Q: Japan has an aging and shrinking population, do you think PM Abe’s recent resignation was the nail in the coffin – will Japan be relegated?

It has become fashionable to criticise Japan but despite their aging population, their inability to generate inflation and the loss of their Prime Minister to health issues, we think that doesn’t tell the whole story.
 
Q: What trends are you seeing and how are they impacting your investment decisions?

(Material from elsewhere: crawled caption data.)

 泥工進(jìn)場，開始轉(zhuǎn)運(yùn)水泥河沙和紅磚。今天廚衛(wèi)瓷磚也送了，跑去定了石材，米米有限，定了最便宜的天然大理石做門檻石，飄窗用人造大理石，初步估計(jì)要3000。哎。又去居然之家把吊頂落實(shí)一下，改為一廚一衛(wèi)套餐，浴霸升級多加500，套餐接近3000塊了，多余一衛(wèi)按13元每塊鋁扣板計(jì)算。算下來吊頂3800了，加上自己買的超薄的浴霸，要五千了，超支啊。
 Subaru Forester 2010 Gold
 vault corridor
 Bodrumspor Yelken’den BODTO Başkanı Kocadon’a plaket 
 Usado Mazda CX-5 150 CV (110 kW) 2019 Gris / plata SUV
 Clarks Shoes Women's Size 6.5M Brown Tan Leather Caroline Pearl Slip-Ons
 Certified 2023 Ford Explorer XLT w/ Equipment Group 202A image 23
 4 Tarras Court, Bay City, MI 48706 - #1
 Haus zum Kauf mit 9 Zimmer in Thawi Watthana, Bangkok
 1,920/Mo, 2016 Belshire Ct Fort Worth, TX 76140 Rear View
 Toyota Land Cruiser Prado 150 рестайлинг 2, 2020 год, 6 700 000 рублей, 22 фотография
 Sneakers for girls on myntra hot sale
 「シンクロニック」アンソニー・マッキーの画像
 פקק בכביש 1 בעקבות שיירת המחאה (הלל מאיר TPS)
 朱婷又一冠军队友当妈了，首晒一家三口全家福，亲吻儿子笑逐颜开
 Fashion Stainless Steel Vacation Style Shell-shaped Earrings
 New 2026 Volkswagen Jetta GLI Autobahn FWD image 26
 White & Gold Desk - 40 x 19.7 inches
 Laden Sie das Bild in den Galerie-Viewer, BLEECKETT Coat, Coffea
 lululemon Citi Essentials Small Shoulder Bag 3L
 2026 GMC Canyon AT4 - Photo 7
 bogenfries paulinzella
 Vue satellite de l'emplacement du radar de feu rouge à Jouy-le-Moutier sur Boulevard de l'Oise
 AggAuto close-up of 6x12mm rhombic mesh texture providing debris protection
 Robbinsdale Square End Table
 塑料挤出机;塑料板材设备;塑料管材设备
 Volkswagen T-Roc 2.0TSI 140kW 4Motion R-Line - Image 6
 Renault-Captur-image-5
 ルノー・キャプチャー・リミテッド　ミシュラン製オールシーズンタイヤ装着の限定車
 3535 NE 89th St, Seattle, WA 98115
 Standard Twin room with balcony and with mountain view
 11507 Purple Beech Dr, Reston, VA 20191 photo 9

Over the past eight years, we have witnessed significant changes and there are good reasons to be optimistic if you are a shareholder in listed Japanese stocks.  For example, dividends, share buybacks, capital expenditure and return on equity are all materially higher than pre-Abe and this has been supported by real changes in corporate governance via stewardship programmes.  Yes, it’s been slow, but it’s been consistently moving in the right direction and that’s good for Japanese equities.
 
Q: What about the recent change in PM?

Suga appears to be cut from the same cloth as Abe.  Yes, there was a bit of uncertainty when Abe stepped down but it appears that the new leader is even more committed to the principles of quantitative easing, encouraging fiscal spending and engaging in structural reform - all critical ingredients needed for further growth.  
 
Q: What about your thoughts on China?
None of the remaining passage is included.